Un enfant nous est né
La messe du jour, qui est la plus ancienne célébration de Noël, atteint son point culminant dans la proclamation du Prologue de saint Jean (1, 1-18). La lumière qui a brillé sur nous à l’aurore est désormais descendue sur la terre et s’est maintenant totalement épanouie. L’antienne d’ouverture peut alors chanter sans retenue : « Un enfant nous est né, un fils nous a été donné. » C’est pour nous que Dieu s’est fait chair, afin que nous ayons part à sa vie divine ; et nous pouvons le contempler d’une joie émerveillée, car dans le visage du Fils se révèlent les traits du Père, dans cet enfant l’Église goûte pleinement l’indicible douceur de l’amour divin à laquelle s’accordent si bien nos flûtes et nos pipeaux : « Le Fils de l’homme est né, Noël ! Jésus nous est donné, Noël (7) ! » Ici, sur la musique du choral In dulci jubilo, le rythme de danse se dessine très nettement, car nous sommes maintenant définitivement passés de l’autre côté de la porte, nous nous trouvons en pleine fête. Désormais, comme le chante l’antienne de communion, « sur toute l’étendue de la terre, on a vu le salut de notre Dieu » (cf. Ps 97, 3). Sans doute ne nous faut-il pas moins de quatre messes pour l’accueillir et nous faire entrer en profondeur dans le mystère pascal de Noël, cet « admirable échange » qui nous invite « à devenir des dieux grâce au Christ, du moment que lui-même, par nous, est devenu homme » (Grégoire de Nazianze).
(notes)
1. La fête de Noël semble être attestée à Rome depuis 336, mais elle a peut-être pris naissance un peu avant 300, en Afrique du Nord.

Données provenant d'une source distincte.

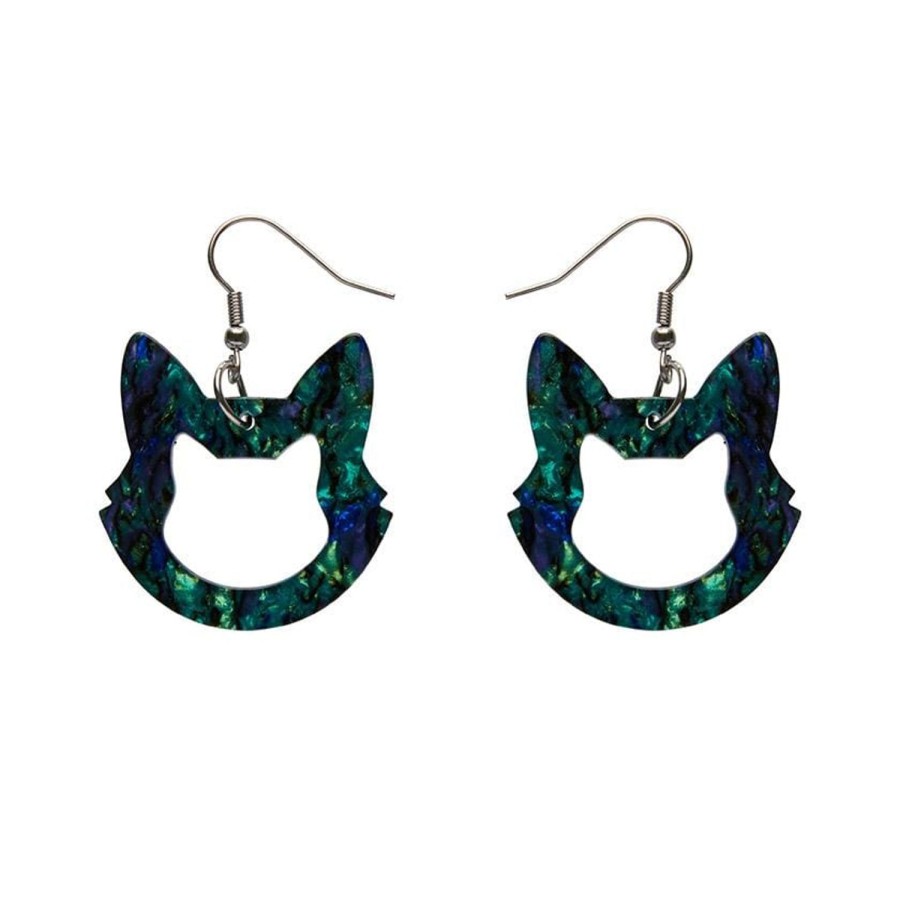 Erstwilder Essential Earrings | Cat Head Lava Resin Drop Earrings - Green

2. Elle est mentionnée, avec d’autres, dans la seconde partie de la prière eucharistique I.
3. Notons, au passage, la coïncidence qui veut qu’en grec, résurrection se dise anastasis, d’où le prénom ancien d’Anastasie.
4. Didier Rimaud, Seigneur, venez, E20.
5. Claude Duchesneau, H.-J. Gauntlett, La voici, la nuit de Dieu, F256.
6. Didier Rimaud, Aujourd’hui dans notre monde, FP47.
7. Didier Rimaud, Le Fils de l’homme est né, FP146.